Together with the adjacent side, we can find the area of the triangle, say as $ \frac{AC\sin b}{2}. $ (The use of lowercase Latin letters here is conventional and deliberate, with angles opposite sides designated by the uppercase of the same.)
Now, of course, the triangle will have the same area regardless, so choosing another pair of sides and included angle will yield the same result. Thus
\begin{align} \frac{BC\sin a}{2} = \frac{AC\sin b}{2} = \frac{AB\sin c}{2} \end{align}
If we divide "both" sides by ${1 \over 2}ABC,$ this all comes out to
\begin{align} \frac{\sin a}{A} = \frac{\sin b}{B} = \frac{\sin c}{C} \end{align}
This is the Law of Sines, which brings similar power to sines as the previous law did to cosines. (Sometimes the inverse form is used, with $ \frac{B}{\sin b} $ and so on. Since these are intended to relate sides, either way will serve.)
Law of Tangents
We may calculate any altitude in terms of two different side-angle pairs. In G-2, for example, $A\sin b = B\sin a = H,$ where $H$ is the common height.

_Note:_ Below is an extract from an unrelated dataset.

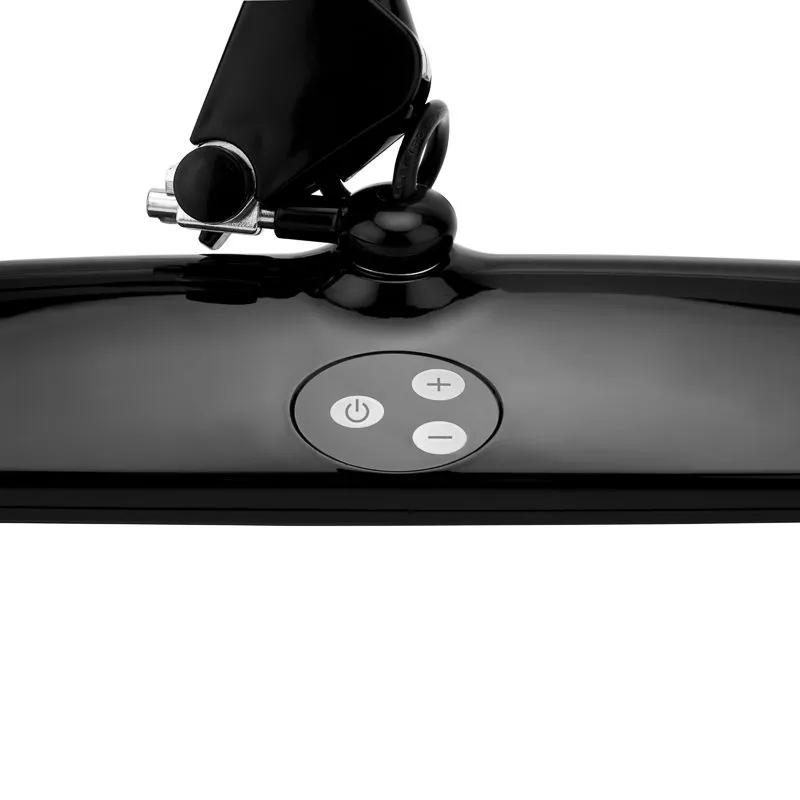 Лампа настольная бестеневая, струбцина, ECO light, 84 SMD LED, сенсорный диммер, черная REXANT - Фото 5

Some simple restructuring gives us $\sin a = \frac{H}{B}$ and $\sin b = \frac{H}{A}.$
We can bring the sum-to-product identities to bear on these: \begin{align} 2\cos\left(\frac{a + b}{2}\right)\sin\left(\frac{a - b}{2}\right) & = H(\frac{1}{B} - \frac{1}{A}) \\ & = \frac{H}{AB}(A - B) \\ 2\sin\left(\frac{a + b}{2}\right)\cos\left(\frac{a - b}{2}\right) & = \frac{H}{AB}(A + B) \end{align} When we divide one by the other, $\frac{H}{AB}$ goes away. We obtain the Law of Tangents: \begin{align} \frac{A - B}{A + B} = \frac{\tan\frac{a - b}{2}}{\tan\frac{a + b}{2}} \end{align} (NOTES: Can probably merge these two into one "Laws" section; a bit of tightening and rewording is also in order)
Centroid
If we start at one corner and cut the opposite side at the midpoint, we have two triangles with base ${B \over 2}$ and height $h$, which is to say they have equal area, half that of the full triangle. Such lines are called medians.
(NOTES:Figure)
If we do the same with another corner, the same area situation will happen. Furthermore, of course, the medians will intersect somewhere. This will produce a number of triangles.
(NOTES:Refer to figure)
With the Law of Sines we can investigate the relationships among their sides, tabulated in what follows. Note that, as we saw in the previous article, $\sin(180^\circ - \theta) = \sin\theta.$
First off, we have the triangles produced when the two medians cross. These correspond to the upper-left, upper-right, and lower-left triangles in (FIGURE): \begin{align} T_{ul}: \frac{\sin x}{A} & = \frac{\sin b_1}{D} = \frac{\sin c_1}{F} \\ T_{ur}: \frac{\sin x}{B / 2} & = \frac{\sin (x + c_2)}{D} = \frac{\sin c_2}{G} \\ T_{ll}: \frac{\sin x}{C / 2} & = \frac{\sin b_2}{E} = \frac{\sin (x + b_2)}{F} \end{align} The median bisecting $B$ gave us a left and right triangle: \begin{align} Left: \frac{\sin c}{F + G} & = \frac{\sin b_1}{B / 2} = \frac{\sin (x + c_2)}{A} \\ Right: \frac{\sin b_2}{B / 2} & = \frac{\sin a}{F + G} = \frac{\sin (x + c_2)}{C} \end{align} Likewise, from cutting side $C$ we have top and bottom triangles: \begin{align} Top: \frac{\sin c_1}{C / 2} & = \frac{\sin b}{D + E} = \frac{\sin (x + b_2)}{A} \\ Bottom: \frac{\sin c_2}{C / 2} & = \frac{\sin (x + b_2)}{B} = \frac{\sin a}{D + E} \end{align} Many of these results above are dead ends; some trial and error will flush them out. Among the useful bits, after some rearrangement: \begin{align} \sin(x + b_2) & = \frac{2A\sin c_1}{C} = \frac{2B\sin c_2}{C} \\ \sin(x + c_2) & = \frac{2A\sin b_1}{B} = \frac{2C\sin b_2}{B} \end{align} We see that $A\sin b_1 = C\sin b_2$ and $A\sin c_1 = B\sin c_2,$ respectively. This next equality, also derived from the list above, will let us apply these insights: \begin{align} \sin x = \frac{A\sin b_1}{D} = \frac{C\sin b_2}{2E} = \frac{A\sin c_1}{F} = \frac{B\sin c_2}{2G} \end{align}
After substituting a couple of numerators, it quickly follows that $D = 2E$ and $F = 2G.$
Thus, our intersection is ${2 \over 3}$ of the way from either corner to the midpoint of its opposite side.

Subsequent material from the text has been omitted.